■ **DATA RECORDS**
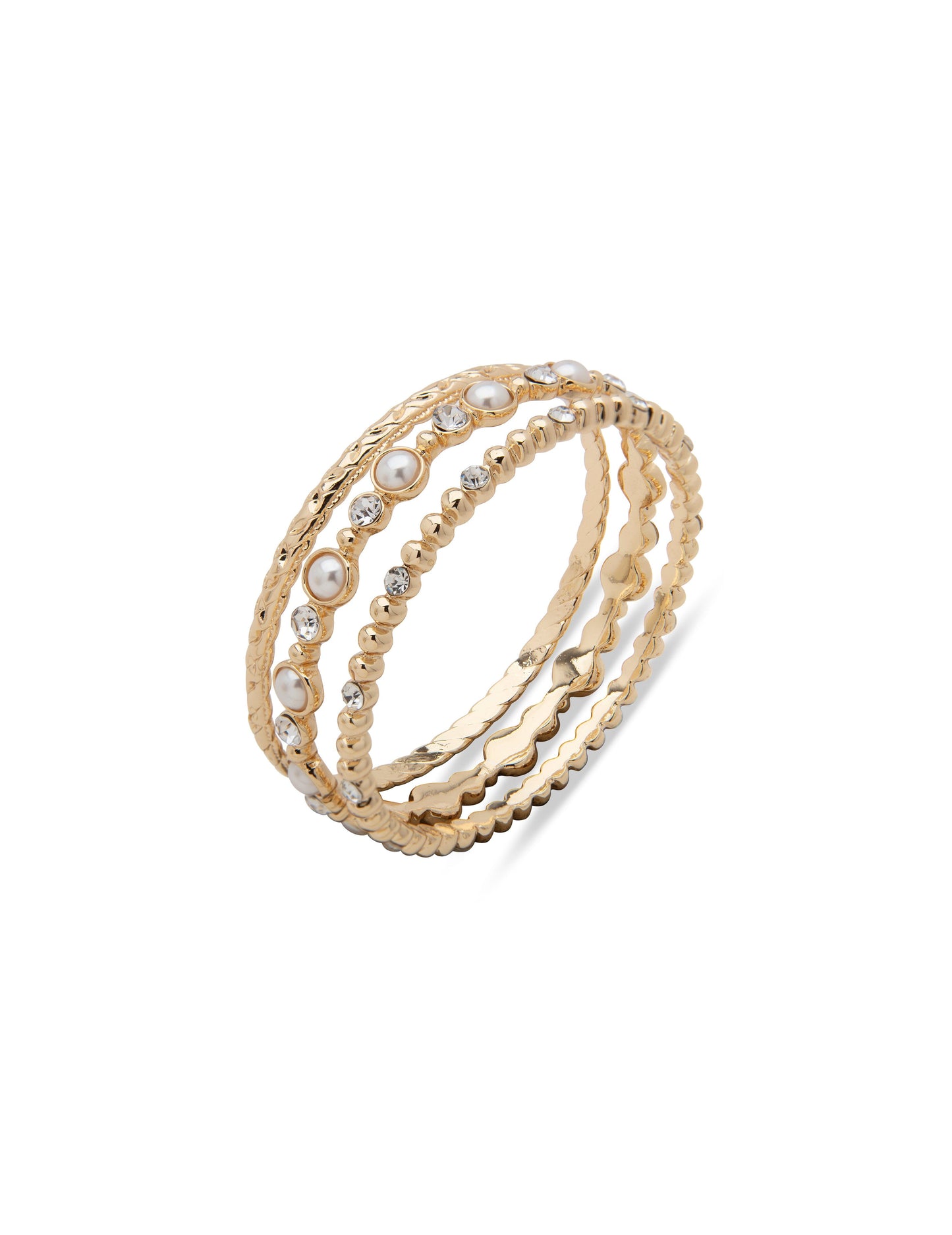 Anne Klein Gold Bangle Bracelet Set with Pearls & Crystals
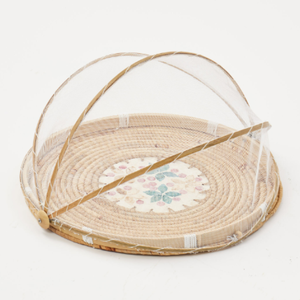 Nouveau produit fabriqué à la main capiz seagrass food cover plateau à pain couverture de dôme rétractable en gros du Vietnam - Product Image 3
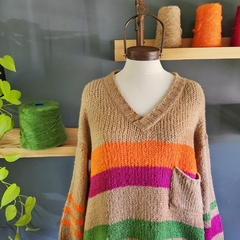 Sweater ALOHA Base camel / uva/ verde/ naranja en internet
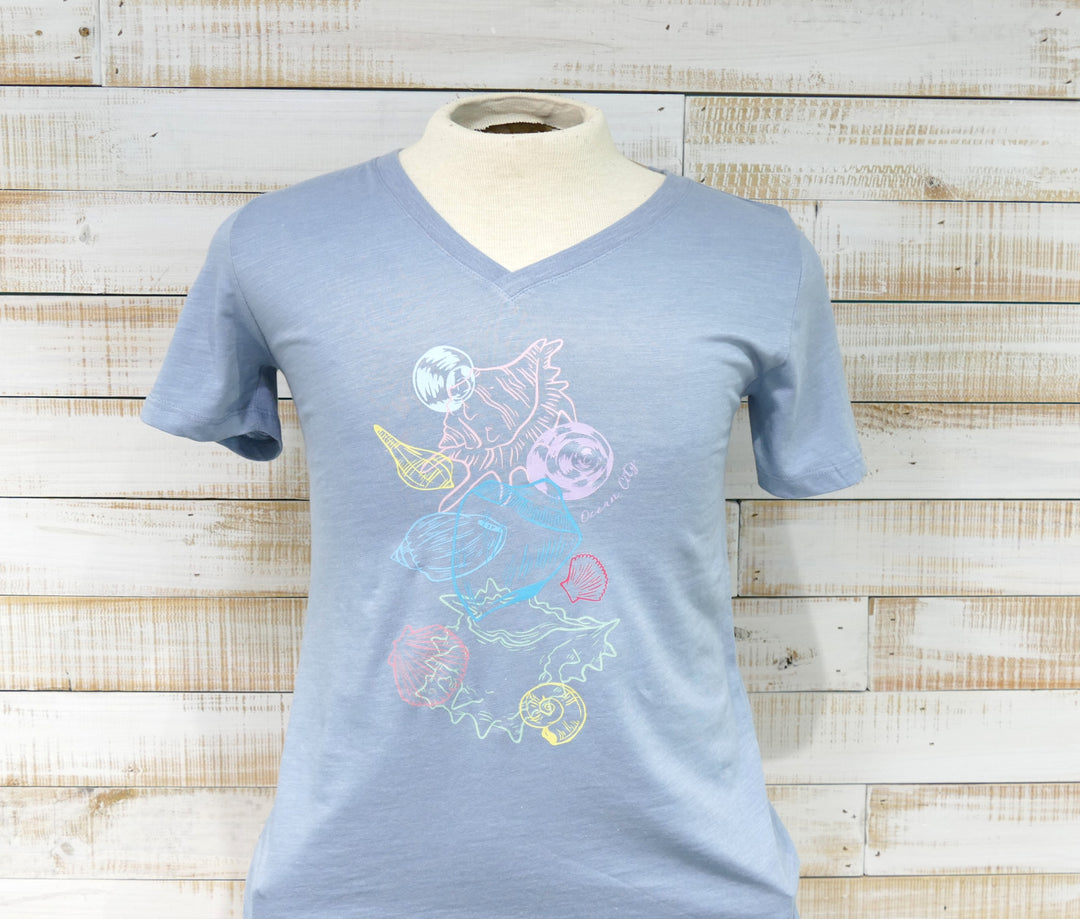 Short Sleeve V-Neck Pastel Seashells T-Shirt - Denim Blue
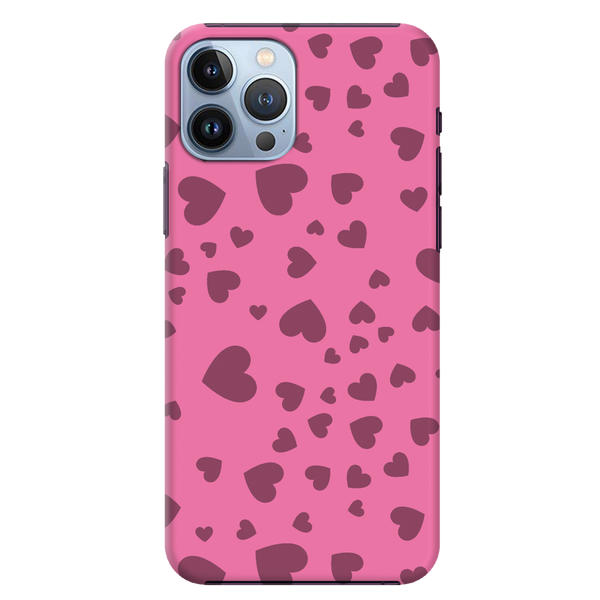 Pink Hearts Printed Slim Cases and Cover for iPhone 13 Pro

■ **INSTRUCTIONS FOR THE TASK**
Repeat each line of the listing word for word, from the first through the line that contains "Short Sleeve V-Neck". Any picture stays out.

■ **RESULT BELOW**
 Anne Klein Gold Bangle Bracelet Set with Pearls & Crystals
 Nouveau produit fabriqué à la main capiz seagrass food cover plateau à pain couverture de dôme rétractable en gros du Vietnam - Product Image 3
 Sweater ALOHA Base camel / uva/ verde/ naranja en internet
 Short Sleeve V-Neck Pastel Seashells T-Shirt - Denim Blue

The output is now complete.